CHICAGO, IL (February 9, 2006) – Friends and colleagues of Dr. C. John Weborg used a variety of names in describing him during a dinner last week that featured a hefty helping of “roasted professor” while introducing a recently completed festschrift in his honor.

They called him friend, director, pastor, mentor, preacher, teacher, scholar, and colleague. Jay Phelan, president and dean of North Park Theological Seminary, noted that the retired professor has even been called a saint, “though Lois disputes that,” he added, in reference to Weborg’s wife.

Dr. C. John Weborg The ad hoc choral group “Norman Church and the Flying Buttresses” opened the evening with an updated version of the Jimmy Dean classic, “Big Bad John.” The parody told the story of Johnny Rome – a technological Luddite who saves the seminary when its computer goes down – to the obvious delight of Weborg’s friends who know of his preference for paper and pen. (To read the lyrics, please see Big Bad John)

The musical group later honored the man, who perhaps has influenced Evangelical Covenant Church worship as much as any other person now living, with a “new hymn” that drew its title from one of Weborg’s trademark phrases, “Are you with me?” The words were set to the tune of the traditional hymn, “Are Ye Able, Said the Master.” (To read the lyrics, please see Are You With Me?)

Several people offered their own tributes and, in another moment of humor, others read contrived statements they attributed to people who could not be there, including Pope Benedict XVI and the 18th Century Protestant reformer Johann Albrecht Bengel, about whom Weborg wrote his doctoral thesis. Several times through the evening, speakers poked fun at the length of their colleague’s thesis, the “Eschatalogical Ethics of Johann Albrecht Bengel: Personal and Ecclesial Piety and the Literature of Edification.”

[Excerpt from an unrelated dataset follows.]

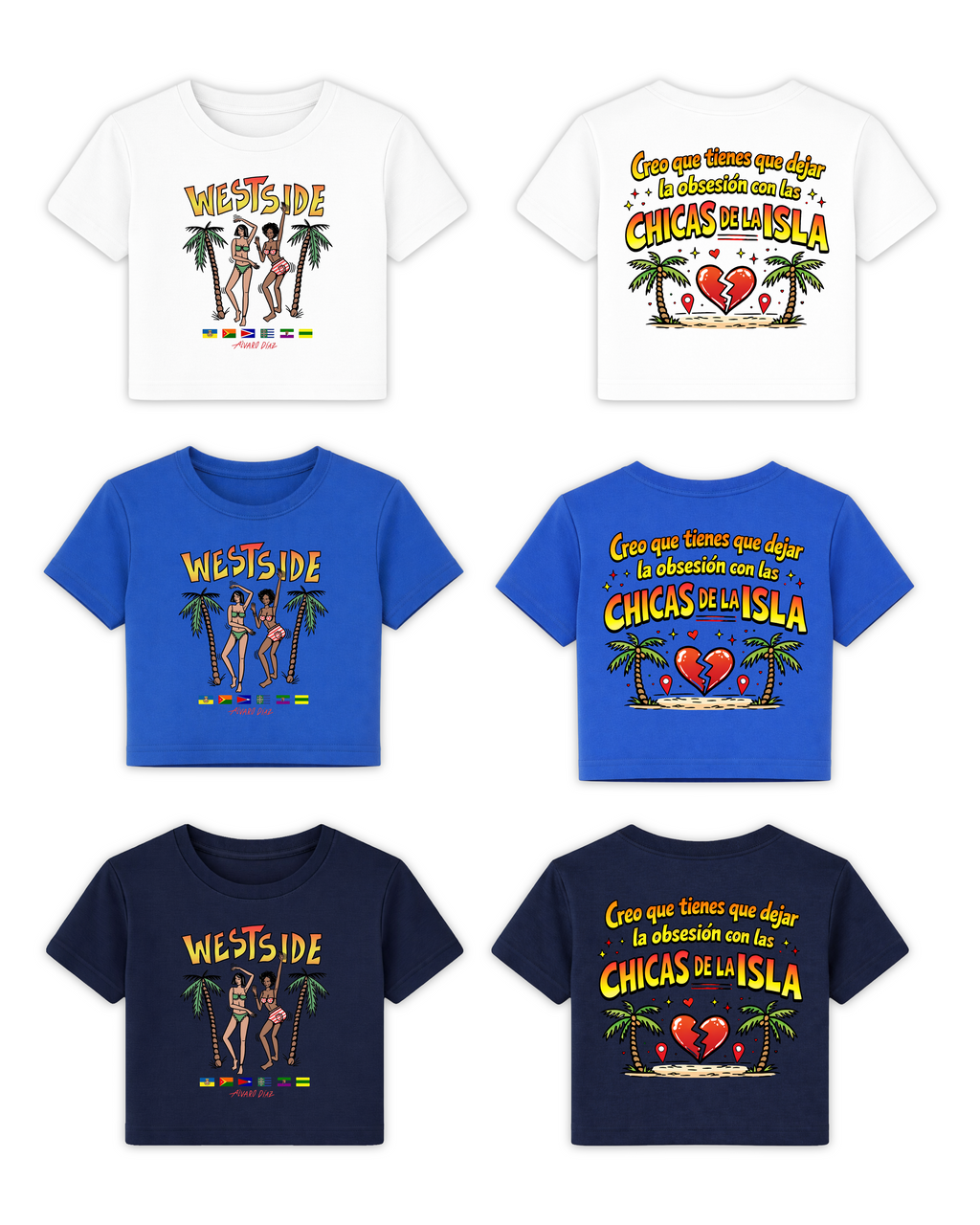 Alvaro Diaz West Side Baby tee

They all acknowledged Weborg’s contributions to the Covenant. Vice President Donn Engebretson told Weborg, “You are the person that the evangelical church trusts.” He added, “We as a whole family of faith thank God for you.”

“You say you have (retired), but we know you’re not – and please don’t,” said Professor Phil Anderson. “There’s only one of you, and we are saying that you belong to us.”

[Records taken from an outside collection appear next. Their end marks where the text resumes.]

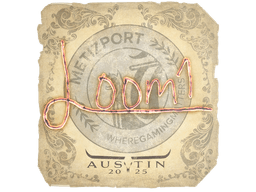 Sticker | L00m1 | Austin 2025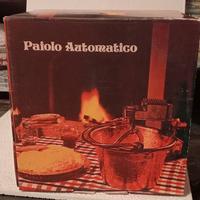 paiolo elettrico automatico in rame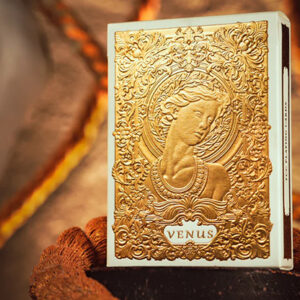 Venus Platinum ( White) Playing Cards by TCC Fashion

When it came time for his own remarks, Weborg drew much laughter when he said, “I am constitutionally opposed to anything too simple.” He added, “There is no person worthy of what has been said tonight.” (See accompanying photo.)

In an age where what happens in smaller churches often is overlooked, Weborg noted that his home church never reached more than 30 members. He paid tribute to his early confirmation teacher, Sam Carlson, who pushed a young Weborg to memorize scripture and the catechism.

“It came across to us at an early age that the Christian faith has content,” Weborg said. It is a passion he has carried with him through the years, mediating God’s grace to all around him.

“I will forever be a Weborgian,” said Debbie Blue in her tribute, no doubt reflecting the sentiment of many other Covenanters.

The festschrift, a German word used to describe a collection of essays written to honor someone, is scheduled to be published this Spring.